First, there are two curious cases that seem to point at a modification of the placaet of 1776, though this is not to be found in the records of the States General or the States of Holland. A former slave called Caatje sent a request to the States of Holland in 1778. She had been in the Republic with her master, who had provided her with freedom letters during that stay. However, back in Surinam, the man who she stayed with, a vicar called Du Pasquier, had taken away her freedom letters “for safe-keeping”. As she feared for her freedom, she asked the city to send her a copy of those letters.
It is the answer by the Amsterdam authorities which is interesting. Freher, the clerk dealing with the case, confirmed that she was obviously free, because “she had lived far longer than a year and six weeks in the Republic, before the Resolution of the States concerning the slaves of the colony; and before the latest Resolution living undisturbed in this country for a year and six weeks was enough to be freed forever from all marks of slavery”.70The case is rather strange. In neither of the previous sources does the requirement to have lived in the Republic for “a year and six weeks” come to the fore. And yet, it appears in a second case. This case involved John Gabriel Stedman (1744–1797), a Dutch colonial soldier known as the author of a work called The Narrative of a Five Years Expedition against the Revolted Negroes of Surinam. In this work, a prominent role was played by Quassie van Timotibo, a slave who took the side of the Dutch in the revolt. Interestingly for our purposes, Stedman both knew of the placaet of 1776, and reported how Quassie went to the Republic. One scholar has looked at the diary of Stedman, which stated that Quassie was declared free on 10 July 1778. Exactly one year and six weeks after he arrived in the Republic.71 Again, it is unclear where this idea originated.
Moreover, the placaet even caused considerable confusion outside of the Republic. Schoeman has traced some cases that arose in the Cape Colony in 1790, again involving the legal status of some slaves who had been in the Republic.

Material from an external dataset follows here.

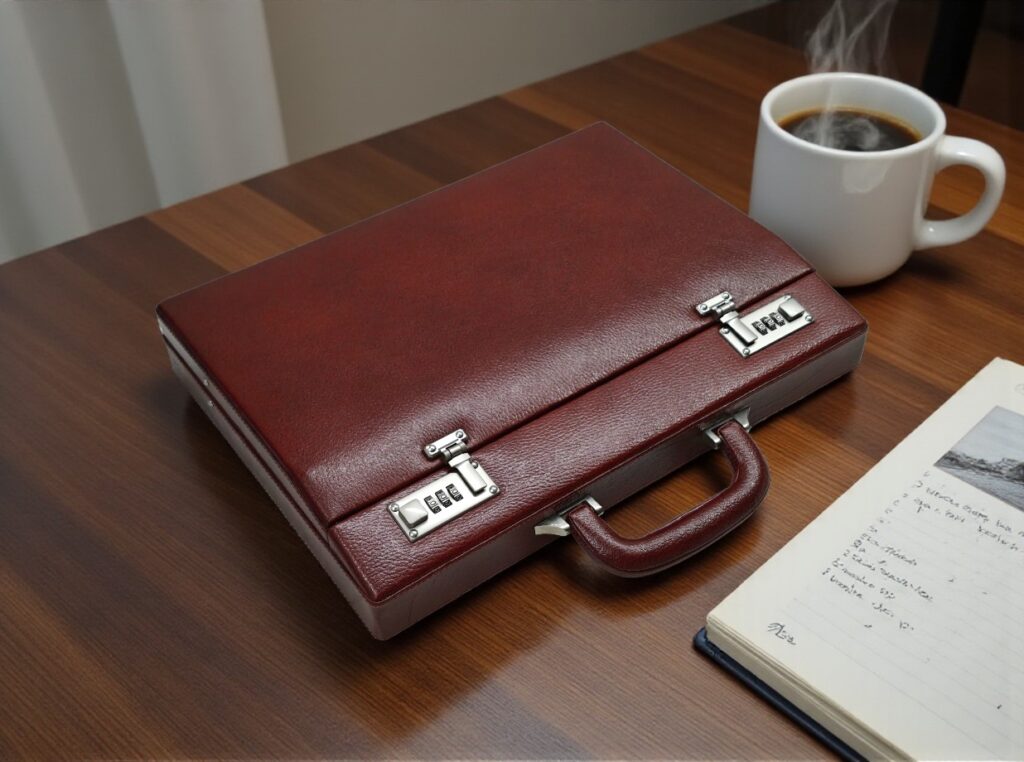 leather attache briefcase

The local Council of Policy was unsure how to proceed. There was reference to the instruction of 1714 which argued that slaves having touched the soil of the fatherland became free, others averred that this instruction had been repealed and replaced by a rule that stated that the slave only became free after having stayed in the motherland for three years, and yet other colonisers believed that the placaet of 1776, although not promulgated by the EIC, was also good law in the Cape Colony. Unfortunately, the clarifications that the Cape colonists might have received from the Heeren XVII back in the Republic has not been found in the records.72
In retrospect, the placaet of 1776 seems like an emergency measure, which was made after some Resolutions of the States General had created the impression that slaves who had ever touched Dutch soil, were free. Obviously, this idea was dangerous to both the Sociëteit van Suriname and metropolitan creditors. Holland must have felt that its interests were threatened by these decisions, and forced a limitation on the freedom tradition upon the Generality, for whom this issue must have been less important. To further limit the damage of the 1771 and 1773 resolutions, the decisions in the cases of Polak and Blondin were made. As the immediate danger of financial loss retracted, the attitude of casual neglect returned.